What struck me was how proud I was of who he is. His little personality. The way he loves to perform, show off, scrunch up his face when he smiles. The way he tells his story of personal triumph just by walking across the room.
Nearly 3 years ago when I found out about Carson's diagnosis during my pregnancy I had this sudden feeling that I no longer "knew" my baby. It's strange to explain, but I felt as if the baby I knew was suddenly gone and was replaced by someone else I didn't know at all. It was terrifying. I mourned the idea of the baby I thought I once had and tried to get used to a new idea of who my baby really was. It was such a scary time. Of course it was the same baby all along and I had to cling to my faith that God had a plan for him all along.

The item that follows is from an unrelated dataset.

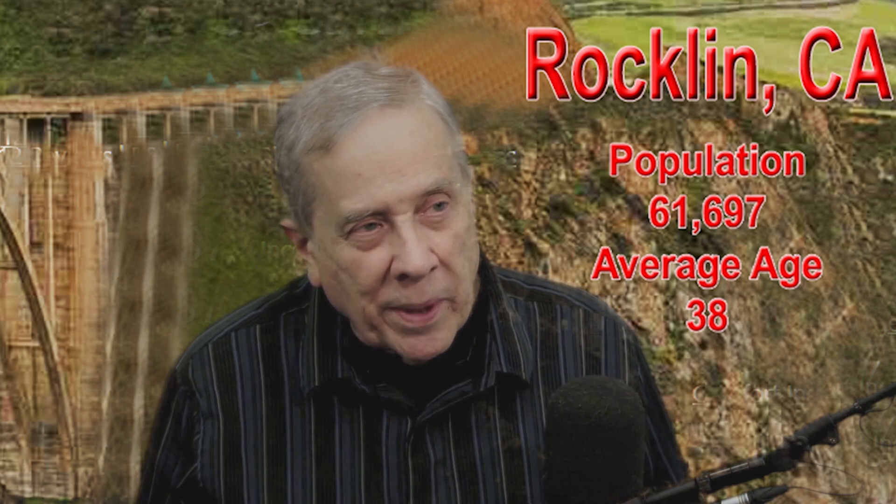Hi, I'm Jim W6LG, or YouTube Elmer with Ham Radio Basics. Welcome to my radio room here in Rockland, California.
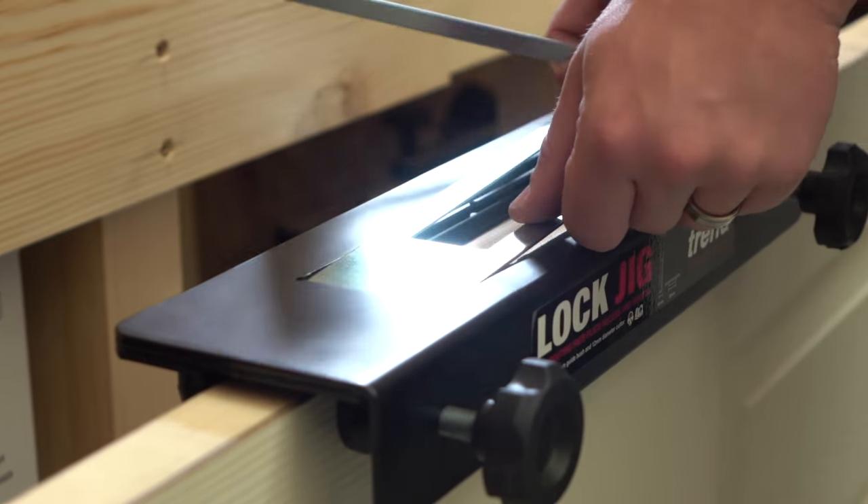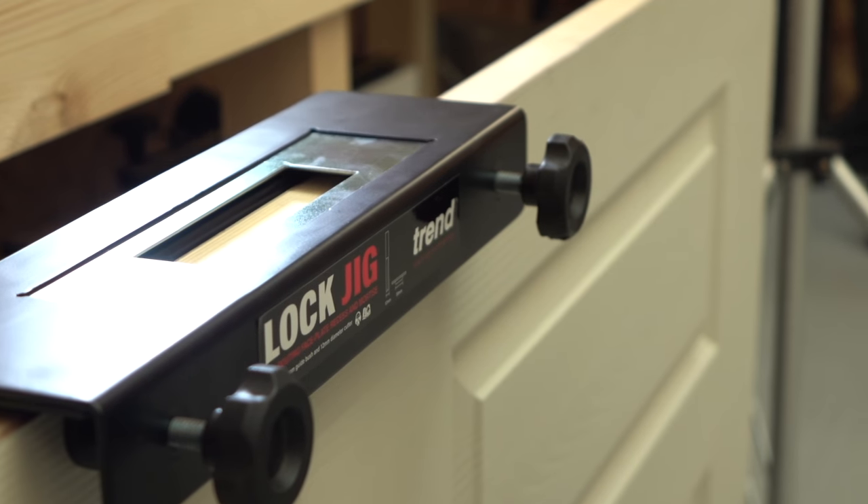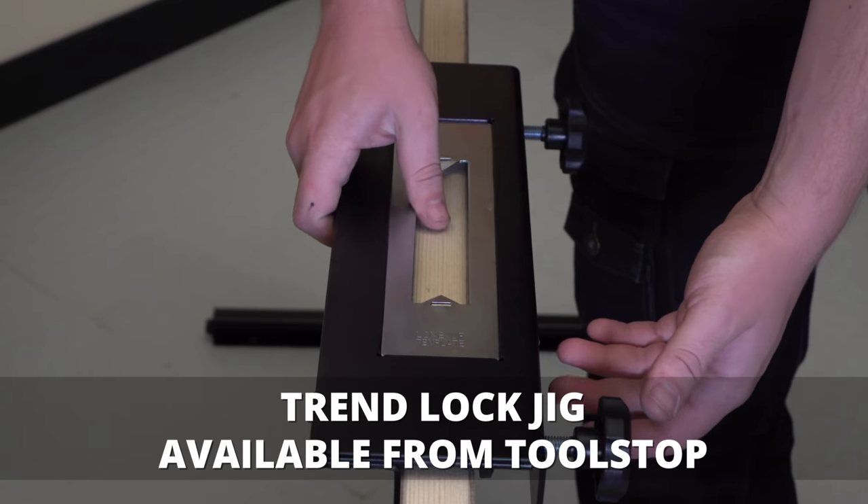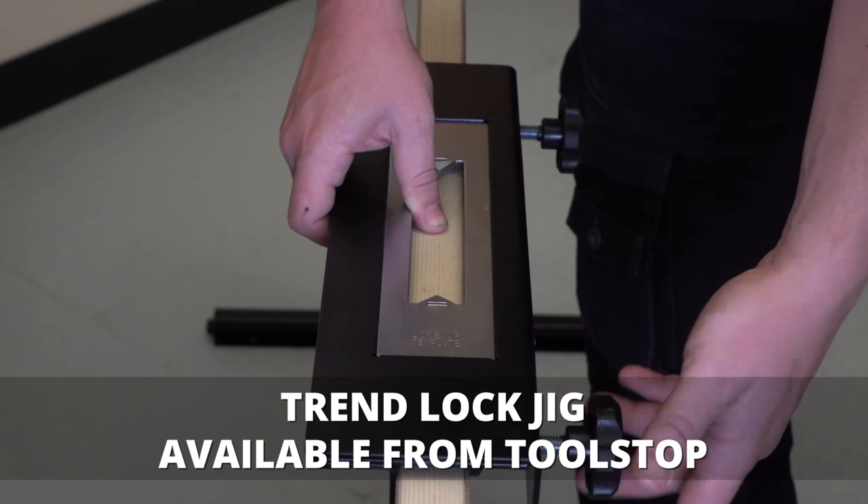Number three, it comes with interchangeable templates for various types of locks. Number four, it comprises a heavy-duty construction. And number five, it has a self-centering template.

As I watched him walk down the aisle and throughout the rest of the day those memories came rushing back. How could he have ever felt like such a stranger to me? It was Carson all along and I'm so blessed it was.
Here's Carson and the flower girl making their entrance at the reception. How adorable is he?!
Family photo
7 comments:
Oh my, so handsome! I can't even imagine how proud you were :) I felt very similar after our diagnosis and now I look at our sweet Palmer and I'm SOOOOOO in love!
Alright...enough with the posts that make me sob. :) We too are so proud of Carson and all that he has accomplished in these past 2.5 years. Our boys are amazing. simple as that. :)
hahah...this is leigh...obviously. :)
that is way too cute! good job little buddy! love your friend, Arwen
That feeling you describe when you were pregnant - I know exactly what you mean. I felt that, too. And the unbelievable pride at the children they are now. So beautiful. :) So much to be proud of with that little man of yours!
Thank you for posting this! It made my heart so happy:)
crying!!! this is so sweet!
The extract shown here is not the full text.